Even if it didn’t replace The Great Movie Ride, Runaway Railway is a series of projection rooms with oddly shaped “animatronics” and an incoherent storyline. If this is the best Mickey Mouse ride they could come up with after 90 years, maybe they’ll be able to come up with something slightly more exciting with another 90 years of development time.
Despite advertising it as the advent of “2.5-D”, Runaway Railway is a mostly flat-walled rollick through confusing show scenes. The “animatronics” are jarring, reminiscent ofsomething out of a fever-dream I once had. The Daisy figure is the most traditional of the bunch, and I can’t help but feel I would’ve liked the attraction a lot more if the rest of the characters were like her.

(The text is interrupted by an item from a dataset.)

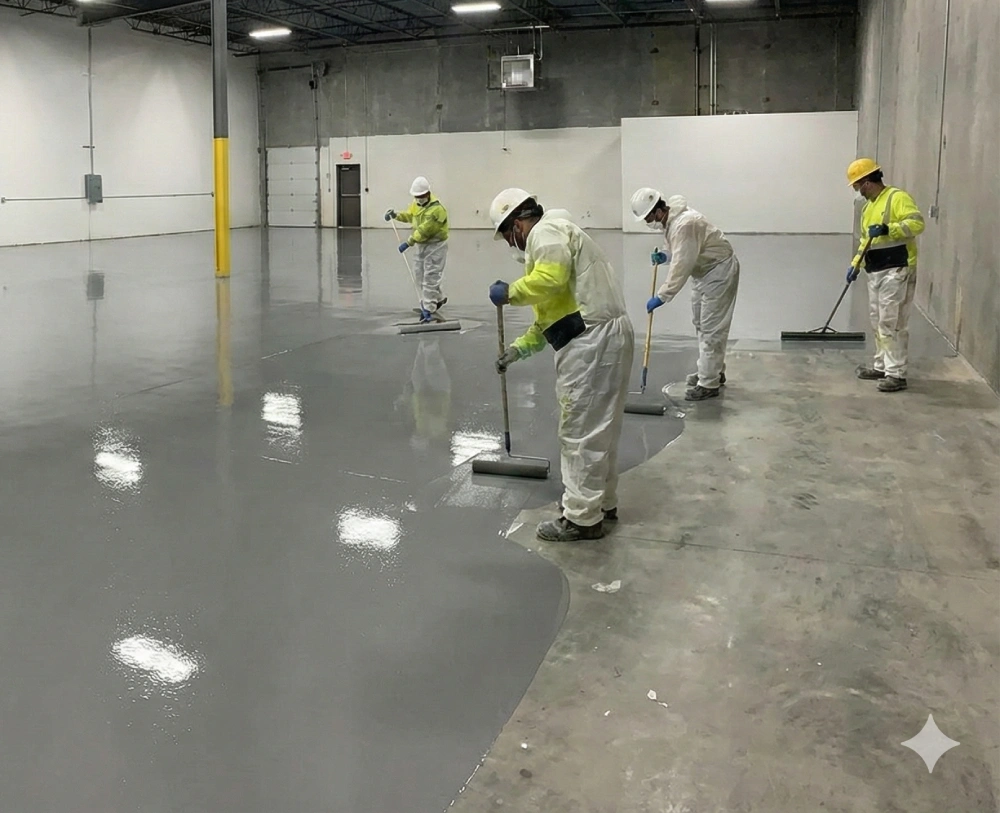 Concrete coating contractors installing epoxy flooring in North Carolina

The scenes are chaotic, but not cartoon-chaotic, more like “we just threw stuff everywhere”. This isn’t quite Pirates of the Caribbean, where you’ll notice new things every time while also being able to digest what the hell the story of the ride might be. It’s poorly-staged overstimulation.
What does work, however, is the build-up. The queue is mostly untouched, keeping the charm of the Chinese Theatre interior. The pre-show rooms are well-decorated and the effect that brings us into the cartoon world is neat, (as is the little touch as you exit that reverses the process.) The ride portion is odd for a trackless ride, only taking full advantage of the tech for a few moments (like the stop in a dance studio.) For having a scene with a twister, it is really odd that the cars don’t travel fully around it. That just seems like Trackless Ride Design 101 to me.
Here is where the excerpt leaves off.